Un fatto mi ha innervosito relativamente al nuovo provvedimento italico sui Paperoni/persone fisiche: l’unico paese a lamentarsi è stata la Germania. Pubblicamente, con un articolo sul Welt am Sonntag a cui seguiranno denunce europee. Quindi, mi sono detto, perché proprio la Germania? Ha paura di perdere gettito? Direi di no, la ricchezza tedesca è soprattutto aziendale, Berlino si dovrebbe preoccupare di un provvedimento che permettesse sconti fiscali a chi si insedia produttivamente in Italia.
La conclusione è semplice: il provvedimento italiano coglie nel segno ferendo gli interessi quanto meno dei paesi satelliti di Berlino, in ogni caso la Germania teme l’Italia e non vuole che si riprenda. Sì, l’austerità, come sostengo da anni, serve solo a coloro che vogliono indebolire i periferici, probabilmente per conquistarli economicamente in un secondo tempo, come successo per la Grecia. Oggi questa inattesa – e anche impropria per molti versi – lamentela di Berlino sulla tassa sui Paperoni, tutto sommato un dettaglio nel mare magnum del debito nazionale, ci fa capire che non ci siamo andati lontani a “pensar male” in passato.

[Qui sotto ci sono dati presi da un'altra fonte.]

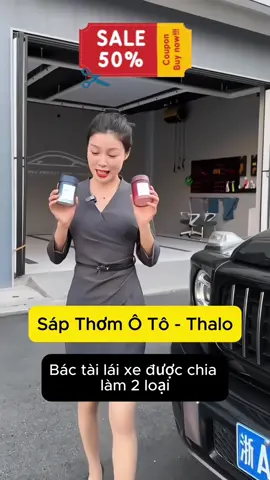 Sáp Thơm cao cấp khử mùi cực hiệu quả thơm lâu 3-6 tháng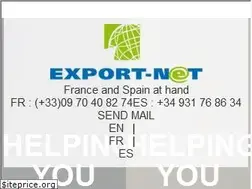 Sites similar to export-net.com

Appunto, come suggerito nelle scorse settimane, Roma dovrebbe emettere un provvedimento atto a sanare l’incongruità nella legge in oggetto tra persone fisiche e persone giuridiche, ad esempio fissando una flat tax per 10 anni al 12,5% (come l’Irlanda) anche per gli utili delle aziende italiane che rientrano dopo aver delocalizzato, permettendo parimenti di scaricare tutti i costi operativi integralmente se di provenienza italiana sempre per 10 anni (sui costi esteri si procederebbe invece ad attenta analisi).
In questo modo si permetterebbe al paese di recuperare gettito “pesante”, quello aziendale, incluso l’indotto fatto non solo dagli utili ma soprattutto da occupazione oltre che spese e investimenti in loco.
Chiaro, tale provvedimento sarebbe inviso all‘Europa e soprattutto a Lussemburgo e Olanda, meta principe delle aziende delocalizzate italiche (ma anche Germania). Da qui l’attesa levata di scudi dell’Ue interessata a rubare tassazione al vicini con leggi asimmetriche, fatto che comunque non dovrebbe cambiare di una virgola l’impostazione del provvedimento lato italiano (ne va dell’interesse e – perché no – della sicurezza nazionale).
Un piccolo appunto sulla Grecia e su come sia finita nell’inferno attuale: Atene è stata costretta a obbedire alla Troika e quindi ad affamare il paese con un mix di ricatti interni (la lista Lagarde depurata dai nomi dei politici/governanti che poi hanno implementato il rigore, vedasi inchiesta di Hotdoc) e soprattutto esterni, ossia la Grecia è stata bellamente minacciata di invasione dalla Turchia, quanto meno per le sue isole a est. E l’Ue – nelle more di un confronto anche duro, almeno ai tempi di Varoufakis – ha chiaramente negato la sua “protezione” in caso di sforamento dei parametri economici e di austerità. Così si spiega la discesa agli inferi dei colleghi ellenici. Peccato che Ankara sia alleata di Berlino da oltre un secolo, giocano assieme, non è un caso se ogni qual volta Atene alza la testa viene bastonata sia dalla Troika che – soprattutto – dalle minacce guerrafondaie turche.
Dovremmo ricordare che per l’Italia, con tutte le basi Usa sul suo territorio, le cose sono profondamente diverse. E forse per questo, per la grande amicizia che la lega a Washington, Roma è un grave percolo per le prospettive del benessere eurogermanico del III millennio.